-------- STORED DATA --------

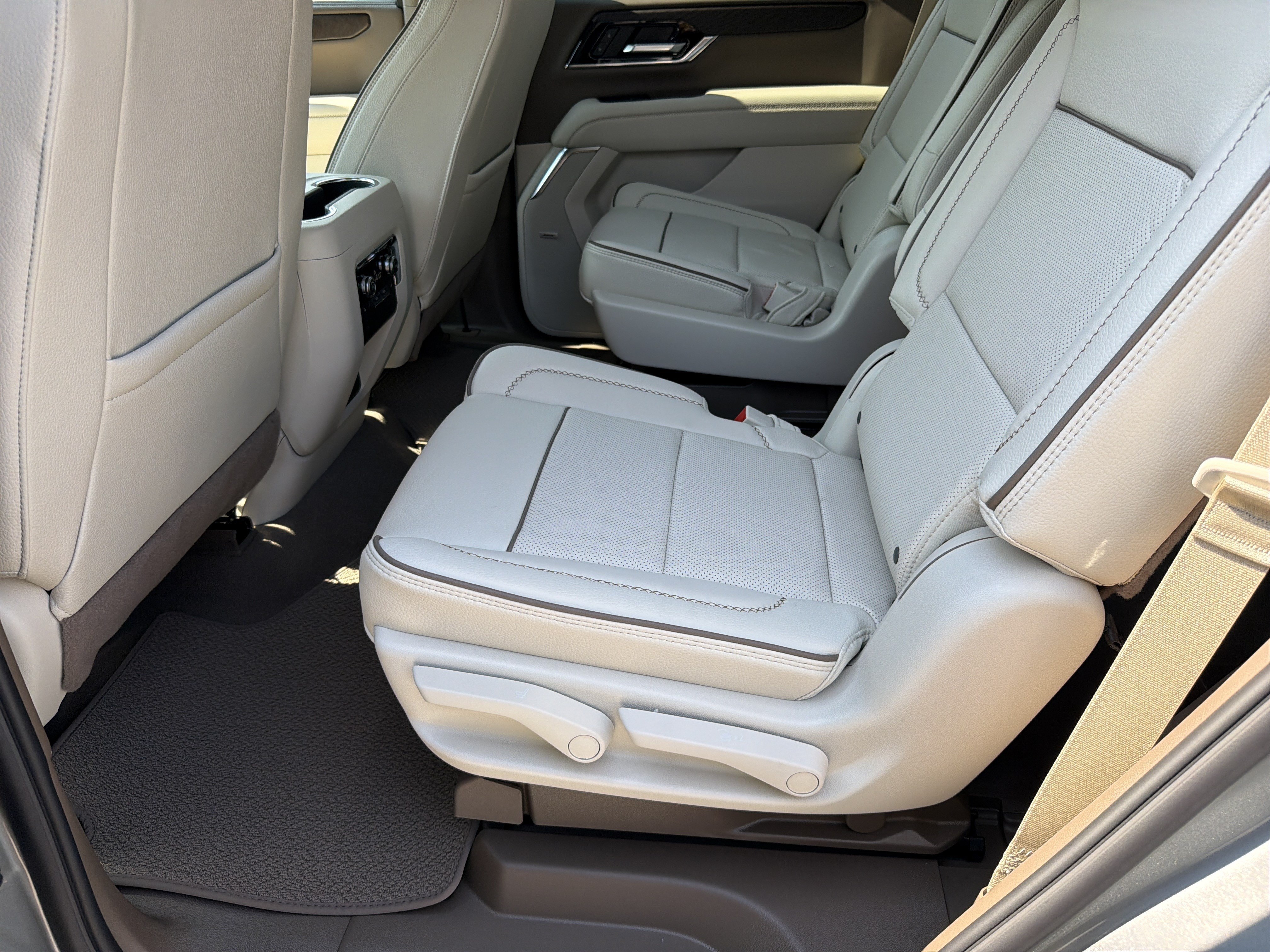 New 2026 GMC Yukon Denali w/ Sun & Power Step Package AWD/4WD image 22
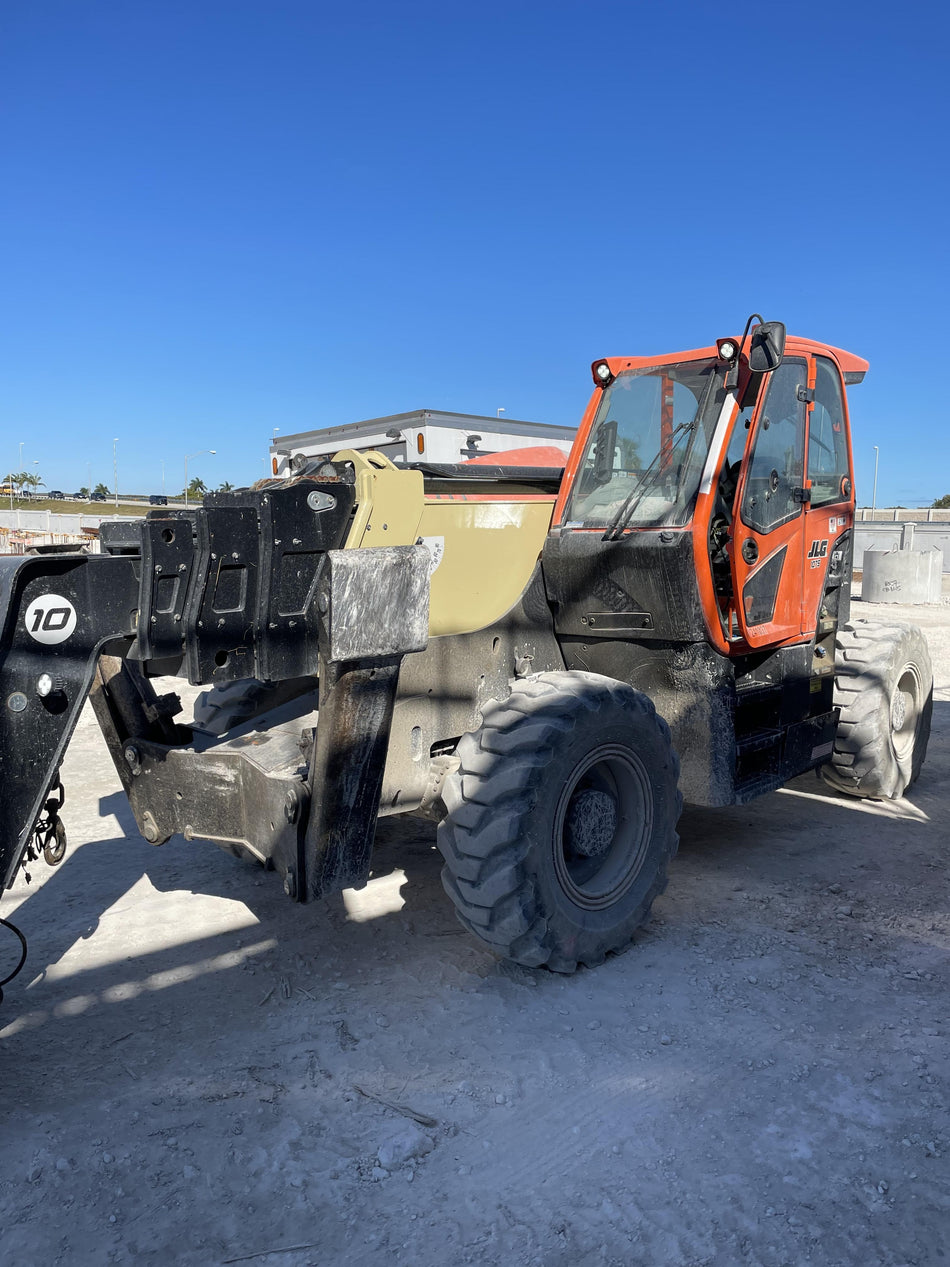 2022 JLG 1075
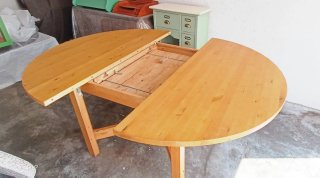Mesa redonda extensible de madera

--------

ABOUT THIS EXERCISE:
Your response must consist of the material above, reproduced word for word, with the images omitted.

EXPECTED ANSWER:
 New 2026 GMC Yukon Denali w/ Sun & Power Step Package AWD/4WD image 22
 2022 JLG 1075
Mesa redonda extensible de madera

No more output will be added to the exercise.